Following core excision and segmentation, the vegetable leaves are advanced to an exit or collection point 36. A further conveyor belt may be placed below the point 36 to collect the leaves as they fall out of the dishes 24. This further conveyor then advances the leaves to the next stage of their processing. Alternatively, the leaves may be removed from the dishes by operatives positioned around the point 36.

Claims

Claims

1. Apparatus for the automated removal of cores from vegetables, the apparatus comprising conveyor means including vegetable supports for advancing of vegetables from a loading station to a cutting station and a cutting head assembly comprising at least one hollow tubular cutting element in which the cutting head assembly is movable between a cutting position proximal to a vegetable support in the cutting station and a core-removal position distal to the vegetable support.

2. Apparatus according to claim 1, in which the cutting head assembly is movable along a pathway substantially perpendicular to the direction of advancement of the conveyor means.

3. Apparatus according to claim 1 or claim 2, in which the core-removal position is removed from the pass of the conveyor means.

4. Apparatus according to any preceding claim, in which the diameter of the cutting element decreases towards the vegetable supports.

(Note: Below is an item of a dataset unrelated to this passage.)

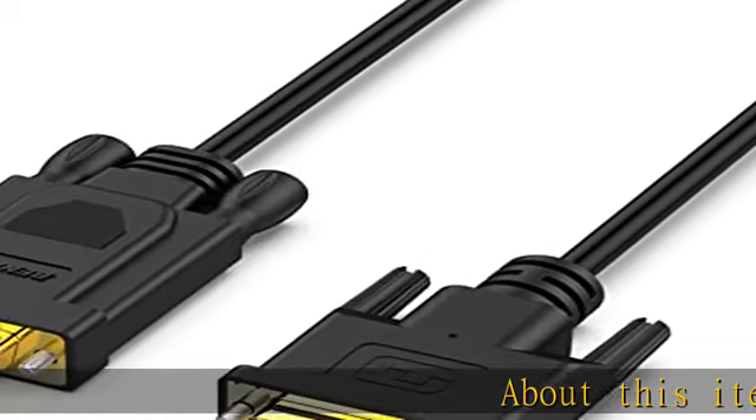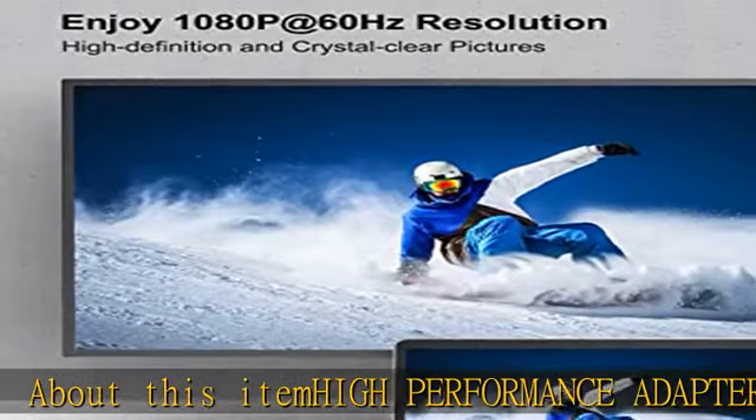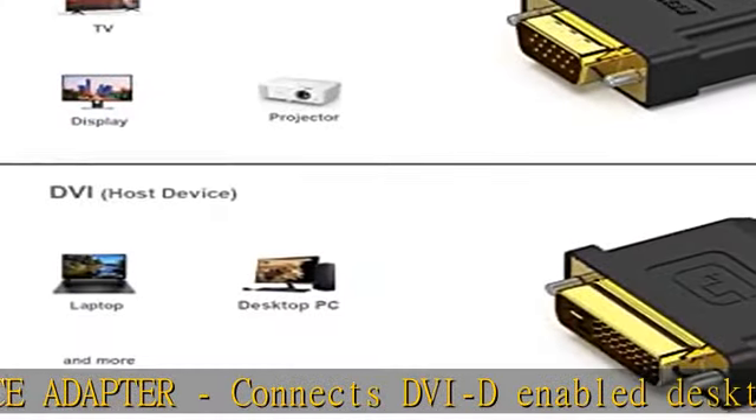About this item: high-performance adapter connects DVI-D-enabled desktops and laptops — Lenovo, Dell, HP, Asus, and other major branded systems — to VGA displays.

5. Apparatus according to any preceding claim, in which the cutting head assembly further comprises at least one core discharge tube dimensioned so as to allow the passage of cores cut by the at least one cutting element and connected to the at least one tubular cutting element at its end remote from the vegetable supports.

6. Apparatus according to any preceding claim, in which the cutting head assembly is operatively connected to a crank mechanism of which the crank or a crank wheel is positioned below the pass of the vegetable supports within the cutting station.

7. Apparatus according to any preceding claim, further including one or more light sources positioned above the vegetable supports and arranged to project a beam or beams of light towards the loading station to provide a visible or otherwise sensible indication of the central region of the vegetable supports.

8. Apparatus according to any preceding claim, further including vegetable segmenting means positioned after the cutting station in the direction of advancement.

9. A cutting element for use in conjunction with apparatus for the automated removal of vegetable cores, the cutting element comprising a hollow tube having a cutting edge at one end, an apparatus attachment interface at the other end and a core passage between the two ends.

10. A cutting element according to claim 9, in which the tube has a substantially circular cross-section, the diameter of the tube decreasing towards the end having the cutting edge, either continuously or in discrete steps.

11. A method for the automated removal of cores from vegetables, the method comprising the steps of loading vegetables, with their cores uppermost, onto vegetable supports on a conveyor means, advancing the vegetable supports to a cutting station and removing the cores from the vegetables, the cutting step being performed by a cutting head assembly comprising at least one hollow tubular cutting element and which is movable between a cutting position proximal to a vegetable support in the cutting station and a core-removal position distal to the vegetable support, and preferably, in use, removed from the pass of vegetables placed in the supports.